Re: [PATCH bpf-next 6/8] libbpf: wire up BPF token support at BPF object level

From: Andrii Nakryiko <hidden>
Date: 2023-12-12 00:05:39
Also in: bpf, linux-fsdevel, linux-security-module

On Mon, Dec 11, 2023 at 2:56 PM John Fastabend [off-list ref] wrote:

Andrii Nakryiko wrote:

quoted

Add BPF token support to BPF object-level functionality.

BPF token is supported by BPF object logic either as an explicitly
provided BPF token from outside (through BPF FS path or explicit BPF
token FD), or implicitly (unless prevented through
bpf_object_open_opts).

Implicit mode is assumed to be the most common one for user namespaced
unprivileged workloads. The assumption is that privileged container
manager sets up default BPF FS mount point at /sys/fs/bpf with BPF token
delegation options (delegate_{cmds,maps,progs,attachs} mount options).
BPF object during loading will attempt to create BPF token from
/sys/fs/bpf location, and pass it for all relevant operations
(currently, map creation, BTF load, and program load).

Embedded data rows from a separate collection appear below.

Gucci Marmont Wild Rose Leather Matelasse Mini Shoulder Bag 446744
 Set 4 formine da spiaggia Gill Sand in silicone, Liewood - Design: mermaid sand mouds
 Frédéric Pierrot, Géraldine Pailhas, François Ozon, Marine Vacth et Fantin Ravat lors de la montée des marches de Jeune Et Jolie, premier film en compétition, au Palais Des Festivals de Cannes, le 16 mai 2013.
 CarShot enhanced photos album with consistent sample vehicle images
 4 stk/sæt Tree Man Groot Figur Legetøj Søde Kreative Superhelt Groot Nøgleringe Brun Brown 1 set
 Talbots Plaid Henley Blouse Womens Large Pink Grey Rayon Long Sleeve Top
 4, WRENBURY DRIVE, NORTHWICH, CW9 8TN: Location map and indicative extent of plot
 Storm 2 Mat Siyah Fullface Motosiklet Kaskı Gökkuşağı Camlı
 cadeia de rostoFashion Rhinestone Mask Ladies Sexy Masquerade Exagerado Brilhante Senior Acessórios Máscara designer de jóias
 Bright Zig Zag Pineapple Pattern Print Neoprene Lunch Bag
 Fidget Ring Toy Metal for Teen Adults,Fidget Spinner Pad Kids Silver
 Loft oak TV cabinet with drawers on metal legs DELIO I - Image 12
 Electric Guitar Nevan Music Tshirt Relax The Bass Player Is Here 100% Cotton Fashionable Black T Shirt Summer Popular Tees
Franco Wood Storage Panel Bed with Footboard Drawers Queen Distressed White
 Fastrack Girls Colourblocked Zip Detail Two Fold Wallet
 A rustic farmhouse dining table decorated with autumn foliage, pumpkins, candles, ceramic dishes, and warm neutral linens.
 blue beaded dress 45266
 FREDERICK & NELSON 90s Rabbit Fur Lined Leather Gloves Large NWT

In this implicit mode, if BPF token creation fails due to whatever
reason (BPF FS is not mounted, or kernel doesn't support BPF token,
etc), this is not considered an error. BPF object loading sequence will
proceed with no BPF token.

In explicit BPF token mode, user provides explicitly either custom BPF
FS mount point path or creates BPF token on their own and just passes
token FD directly. In such case, BPF object will either dup() token FD
(to not require caller to hold onto it for entire duration of BPF object
lifetime) or will attempt to create BPF token from provided BPF FS
location. If BPF token creation fails, that is considered a critical
error and BPF object load fails with an error.

Libbpf provides a way to disable implicit BPF token creation, if it
causes any troubles (BPF token is designed to be completely optional and
shouldn't cause any problems even if provided, but in the world of BPF
LSM, custom security logic can be installed that might change outcome
dependin on the presence of BPF token). To disable libbpf's default BPF
token creation behavior user should provide either invalid BPF token FD
(negative), or empty bpf_token_path option.

BPF token presence can influence libbpf's feature probing, so if BPF
object has associated BPF token, feature probing is instructed to use
BPF object-specific feature detection cache and token FD.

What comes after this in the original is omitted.